On top of the guys already languishing on the DL — Gonzo with his strained oblique, Trot with the strained biceps and elbow infection, Wake with his sore ribs (healing a lot slower than anyone would wish), Tek with a balky knee (can’t come back soon enough) — now we’ve got Mark Loretta with his bruised quad, Josh Beckett with a sliced finger, and Manny with his tendinitis-which-is-pretty-bad-but-a-whole-lot-better-than-torn-cartilege.  

And, ostensibly the least serious, but at the same time the most frightening, we also learn that Big Papi spent a night in the hospital during that heart-breaking Yankees series. (Please, please, please let Tony Mazz be right when he says it was “nothing more than a scare.”)

Things are tough all over.

But.

Papi can still can hit.

Wily Mo’s got a little pop in him too.

Papelbon seems back to his old nail-spitting self.

Mike Timlin continues to confound.

But Keith Foulke is picking up the slack.

And apparently all Josh Beckett needs to do to be effective is throw caution to the wind, throw the way he’s always thrown, and ... uh ... open up a big gash on his finger. (Ugh.)

We’ve got hustle.

And we’ve still got an ace.

We’re not out of it yet. This team is hurting. If we do somehow manage to grasp and claw our way into the postseason, it will be a minor miracle. Especially if Manny misses too much more time.

But we're not the only ones who are banged up.

It can be done. Half the fun is seeing if and how.

Let’s just be fans. Just sit back and watch. See what happens.


8/25/2006 5:51:49 PM by Mike Miliard | Comments [0] |  




Monday, August 21, 2006


I couldn’t stay away.


I wish I had.

Remember this:

This is what rock bottom looks like.

(It’s blurry because you’re seeing it through my tears.)

The only way it gets worse is if this is more serious than it looks.

What a way to waste a gem of a pitching performance. Wow. Have a fun trip out west, guys. You’ll have lots of time to think about this on the plane.


8/21/2006 4:31:24 PM by Mike Miliard | Comments [0] |  


So how was your weekend?


Me, I’m a little tired.

After last night's colossal gut-punch I was tossing and turning until almost five a.m., unable to erase Jason HGHiambi’s gargantuan, profusely pig-sweating gourd from my racing thoughts.

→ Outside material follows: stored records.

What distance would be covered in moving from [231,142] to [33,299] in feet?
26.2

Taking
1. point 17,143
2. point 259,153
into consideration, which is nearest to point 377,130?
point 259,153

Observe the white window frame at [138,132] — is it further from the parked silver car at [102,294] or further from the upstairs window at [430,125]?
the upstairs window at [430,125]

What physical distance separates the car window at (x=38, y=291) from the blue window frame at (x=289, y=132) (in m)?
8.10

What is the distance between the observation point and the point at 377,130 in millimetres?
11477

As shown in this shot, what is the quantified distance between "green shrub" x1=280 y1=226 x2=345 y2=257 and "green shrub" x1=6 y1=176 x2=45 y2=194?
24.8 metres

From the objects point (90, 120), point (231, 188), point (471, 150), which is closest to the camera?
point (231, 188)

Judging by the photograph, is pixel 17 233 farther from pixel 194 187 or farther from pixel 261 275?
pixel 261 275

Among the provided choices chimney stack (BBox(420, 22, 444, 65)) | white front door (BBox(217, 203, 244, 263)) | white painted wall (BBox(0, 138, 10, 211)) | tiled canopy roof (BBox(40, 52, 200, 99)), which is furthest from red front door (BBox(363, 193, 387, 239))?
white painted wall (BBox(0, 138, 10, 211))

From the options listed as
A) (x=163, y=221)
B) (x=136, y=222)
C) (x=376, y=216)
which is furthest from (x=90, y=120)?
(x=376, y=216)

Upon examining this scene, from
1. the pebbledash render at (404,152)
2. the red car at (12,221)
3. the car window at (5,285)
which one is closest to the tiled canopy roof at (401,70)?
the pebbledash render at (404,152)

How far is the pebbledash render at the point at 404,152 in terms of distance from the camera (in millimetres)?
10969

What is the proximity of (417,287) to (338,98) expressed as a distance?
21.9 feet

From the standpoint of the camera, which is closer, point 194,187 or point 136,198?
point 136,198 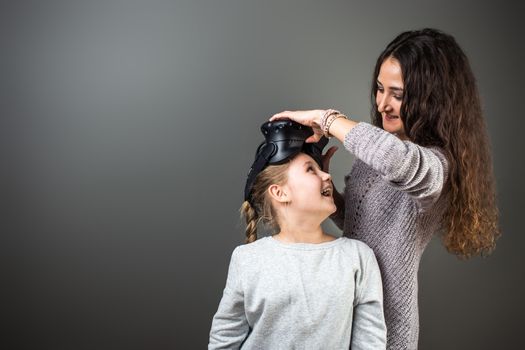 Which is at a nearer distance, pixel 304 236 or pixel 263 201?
pixel 304 236

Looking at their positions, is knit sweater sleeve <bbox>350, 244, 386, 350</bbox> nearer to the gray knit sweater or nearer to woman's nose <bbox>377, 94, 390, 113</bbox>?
the gray knit sweater

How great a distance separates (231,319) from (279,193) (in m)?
0.39

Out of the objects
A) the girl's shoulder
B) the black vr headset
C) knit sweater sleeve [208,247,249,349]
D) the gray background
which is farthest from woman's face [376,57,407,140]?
the gray background

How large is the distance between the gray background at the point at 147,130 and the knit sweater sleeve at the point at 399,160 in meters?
1.67

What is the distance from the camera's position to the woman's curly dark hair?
5.34 feet

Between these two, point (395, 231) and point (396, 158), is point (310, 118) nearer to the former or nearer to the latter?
point (396, 158)

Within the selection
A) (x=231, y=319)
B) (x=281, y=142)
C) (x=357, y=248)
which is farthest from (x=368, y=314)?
(x=281, y=142)

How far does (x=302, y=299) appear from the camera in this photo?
5.02 feet

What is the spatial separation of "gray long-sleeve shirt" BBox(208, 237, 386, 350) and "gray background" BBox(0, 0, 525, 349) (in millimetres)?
1456

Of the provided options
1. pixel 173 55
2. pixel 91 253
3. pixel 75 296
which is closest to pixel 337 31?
pixel 173 55

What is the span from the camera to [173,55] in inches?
118

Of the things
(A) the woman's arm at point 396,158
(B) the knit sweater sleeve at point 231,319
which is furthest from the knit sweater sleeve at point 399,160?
(B) the knit sweater sleeve at point 231,319

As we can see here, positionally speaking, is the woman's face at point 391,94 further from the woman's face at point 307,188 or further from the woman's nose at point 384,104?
the woman's face at point 307,188

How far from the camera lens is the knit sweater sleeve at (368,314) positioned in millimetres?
1571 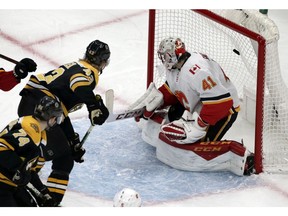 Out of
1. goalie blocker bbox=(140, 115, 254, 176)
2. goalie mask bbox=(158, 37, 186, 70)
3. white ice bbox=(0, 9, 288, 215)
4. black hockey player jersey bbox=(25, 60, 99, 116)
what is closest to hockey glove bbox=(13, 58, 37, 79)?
black hockey player jersey bbox=(25, 60, 99, 116)

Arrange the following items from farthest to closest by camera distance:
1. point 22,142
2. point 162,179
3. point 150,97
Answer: point 150,97, point 162,179, point 22,142

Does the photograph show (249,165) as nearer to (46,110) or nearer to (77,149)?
(77,149)

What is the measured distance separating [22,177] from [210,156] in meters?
1.18

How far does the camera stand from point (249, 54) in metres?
4.57

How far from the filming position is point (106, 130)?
4.68 meters

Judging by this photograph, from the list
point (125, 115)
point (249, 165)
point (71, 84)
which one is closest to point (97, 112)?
point (71, 84)

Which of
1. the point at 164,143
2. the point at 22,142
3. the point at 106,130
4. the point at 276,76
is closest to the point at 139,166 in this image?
the point at 164,143

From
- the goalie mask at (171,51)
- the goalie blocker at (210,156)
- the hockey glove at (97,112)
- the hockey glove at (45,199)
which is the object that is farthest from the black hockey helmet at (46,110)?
the goalie blocker at (210,156)

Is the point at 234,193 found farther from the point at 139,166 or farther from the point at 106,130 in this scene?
the point at 106,130

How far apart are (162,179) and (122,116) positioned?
42cm

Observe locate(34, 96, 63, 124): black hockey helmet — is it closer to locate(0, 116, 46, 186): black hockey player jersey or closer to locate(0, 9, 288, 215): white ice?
locate(0, 116, 46, 186): black hockey player jersey

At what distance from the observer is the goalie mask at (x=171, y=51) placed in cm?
409

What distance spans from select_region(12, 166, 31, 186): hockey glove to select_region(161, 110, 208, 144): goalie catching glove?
1.05 meters

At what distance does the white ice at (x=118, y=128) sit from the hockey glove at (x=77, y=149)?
4.0 inches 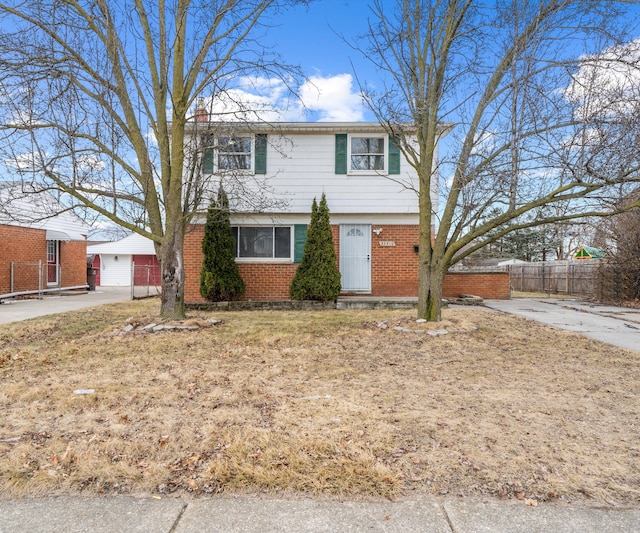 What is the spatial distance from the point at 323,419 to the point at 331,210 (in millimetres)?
9020

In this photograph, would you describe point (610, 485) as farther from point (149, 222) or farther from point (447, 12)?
point (149, 222)

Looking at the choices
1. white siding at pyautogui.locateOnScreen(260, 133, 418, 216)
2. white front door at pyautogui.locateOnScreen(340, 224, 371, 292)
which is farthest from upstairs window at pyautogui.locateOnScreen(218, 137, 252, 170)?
white front door at pyautogui.locateOnScreen(340, 224, 371, 292)

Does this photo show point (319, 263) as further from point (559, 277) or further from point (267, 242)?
point (559, 277)

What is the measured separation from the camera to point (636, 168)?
5652mm

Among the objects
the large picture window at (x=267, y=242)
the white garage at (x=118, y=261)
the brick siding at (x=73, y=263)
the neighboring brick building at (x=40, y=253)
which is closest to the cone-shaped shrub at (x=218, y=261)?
the large picture window at (x=267, y=242)

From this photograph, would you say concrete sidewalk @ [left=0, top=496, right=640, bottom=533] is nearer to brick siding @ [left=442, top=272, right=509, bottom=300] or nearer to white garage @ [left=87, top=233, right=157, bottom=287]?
brick siding @ [left=442, top=272, right=509, bottom=300]

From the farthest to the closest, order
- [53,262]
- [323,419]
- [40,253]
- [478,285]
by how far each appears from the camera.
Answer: [53,262]
[40,253]
[478,285]
[323,419]

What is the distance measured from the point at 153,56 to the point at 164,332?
17.3ft

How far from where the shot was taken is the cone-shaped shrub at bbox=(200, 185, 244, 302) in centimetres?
1114

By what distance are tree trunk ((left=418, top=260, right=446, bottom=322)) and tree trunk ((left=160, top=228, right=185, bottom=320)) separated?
470 centimetres

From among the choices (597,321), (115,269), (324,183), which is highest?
(324,183)

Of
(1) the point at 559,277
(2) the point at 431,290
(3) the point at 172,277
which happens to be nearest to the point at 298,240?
(3) the point at 172,277

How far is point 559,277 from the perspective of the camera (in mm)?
19781

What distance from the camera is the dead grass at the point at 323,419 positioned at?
8.36ft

It hovered in my mind, plaguing me like a phantasm, squinting and twitching that ridiculous half-grown mustache.

So I’ve decided something. I need to take a break from this team.

I might check Gameday once or twice this afternoon to see if Boomer is able to salvage some tiny shred of dignity from this awful, awful, awful series, but I’m not gonna watch.

I’m afraid Bob Ryan’s right: “It really doesn't matter what David Wells does today. The humiliation is complete. The Red Sox are now six games behind the Yankees in the loss column, so you can forget about the American League East.”

And I don’t think I’m gonna watch much of this long upcoming West Coast trip, either. Is a team with precisely one reliable starter, one good relief pitcher, and two great hitters really worth staying up past 1 a.m. to watch lose?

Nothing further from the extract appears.